IIS calls the HttpFilterProc entry point function whenever a notification event for which the filter has registered occurs. IIS uses this function to pass information and control to your ISAPI filter.
DWORD WINAPI HttpFilterProc(
PHTTP_FILTER_CONTEXT pfc,
DWORD notificationType,
LPVOID pvNotification
);
Event Notification Types:
| Notification Constant | Place in Event Sequence |
| SF_NOTIFY_READ_RAW_DATA | Occurs when data is being read from the client. May occur more than once per request. |
| SF_NOTIFY_PREPROC_HEADERS | Occurs immediately after IIS has pre-processed headers, but before IIS has begun to process header content. |
| SF_NOTIFY_URL_MAP | Occurs after IIS has translated a URL to a physical path on the server. |
| SF_NOTIFY_AUTHENTICATION | Occurs just before IIS authenticates the client. |
| SF_NOTIFY_ACCESS_DENIED | Occurs just after IIS has determined that access is denied for the request resource, but before IIS has sent a response to the client. |
| SF_NOTIFY_SEND_RESPONSE | Occurs after the request has been processed by IIS, but before any headers are sent back to the client. |
| SF_NOTIFY_SEND_RAW_DATA | Occurs as IIS sends raw data back to the client. May occur more than once per request. |
| SF_NOTIFY_END_OF_REQUEST | Occurs at the end of the request. |
| SF_NOTIFY_LOG | Occurs at the end of a request, just before IIS writes the transaction to the IIS log. |
| SF_NOTIFY_END_OF_NET_SESSION | Occurs when the network session with the client is ending. |
Port Security Settings:
| Priority Constant | Meaning |
| SF_NOTIFY_SECURE_PORT | Notify the application only for connections over a secure port. |
| SF_NOTIFY_NONSECURE_PORT | Notify the application only for connections over a nonsecure port. |
| Notification Type | pvNotification Points To … |
| SF_NOTIFY_READ_RAW_DATA | HTTP_FILTER_RAW_DATA |
| SF_NOTIFY_SEND_RAW_DATA | HTTP_FILTER_RAW_DATA |
| SF_NOTIFY_PREPROC_HEADERS | HTTP_FILTER_PREPROC_HEADERS |
| SF_NOTIFY_AUTHENTICATION | HTTP_FILTER_AUTHENT |
| SF_NOTIFY_URL_MAP | HTTP_FILTER_URL_MAP |
| SF_NOTIFY_LOG | HTTP_FILTER_LOG |
| SF_NOTIFY_ACCESS_DENIED | HTTP_FILTER_ACCESS_DENIED |
| SF_NOTIFY_SEND_RESPONSE | HTTP_FILTER_SEND_RESPONSE |
Returns one of the following values that indicate how the application handled the event.
| Value | Meaning |
| SF_STATUS_REQ_FINISHED | The filter has handled the HTTP request.
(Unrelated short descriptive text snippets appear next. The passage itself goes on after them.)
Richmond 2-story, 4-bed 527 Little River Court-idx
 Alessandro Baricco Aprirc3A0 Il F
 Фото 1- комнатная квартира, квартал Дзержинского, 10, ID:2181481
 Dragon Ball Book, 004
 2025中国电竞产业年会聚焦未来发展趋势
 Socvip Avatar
The server should disconnect the session. |
| SF_STATUS_REQ_FINISHED_KEEP_CONN | This is the same as SF_STATUS_REQ_FINISHED, except that the server should keep the TCP session open if the option was negotiated. |
| SF_STATUS_REQ_NEXT_NOTIFICATION | The next filter in the notification chain should be called. |
| SF_STATUS_REQ_HANDLED_NOTIFICATION | This filter handled the notification. No other handlers should be called for this particular notification type. |
| SF_STATUS_REQ_ERROR | An error occurred. The server should call GetLastError and indicate the error to the client. The HTTP request will generally be aborted when this status is returned. The client should call SetLastError with the nature of the failure. |
| SF_STATUS_REQ_READ_NEXT | The filter is an opaque stream filter (encrypted/compressed HTTP requests) and the session parameters are being negotiated. This is valid only for raw-read notification. This notification indicates that the full request has not yet been received; the Web server should issue another read and notify the filter with the additional data read. |
This function usually serves as the dispatch for an ISAPI filter. Separate functions are often created to serve as handlers for the separate notifications, especially if the handling code is complicated.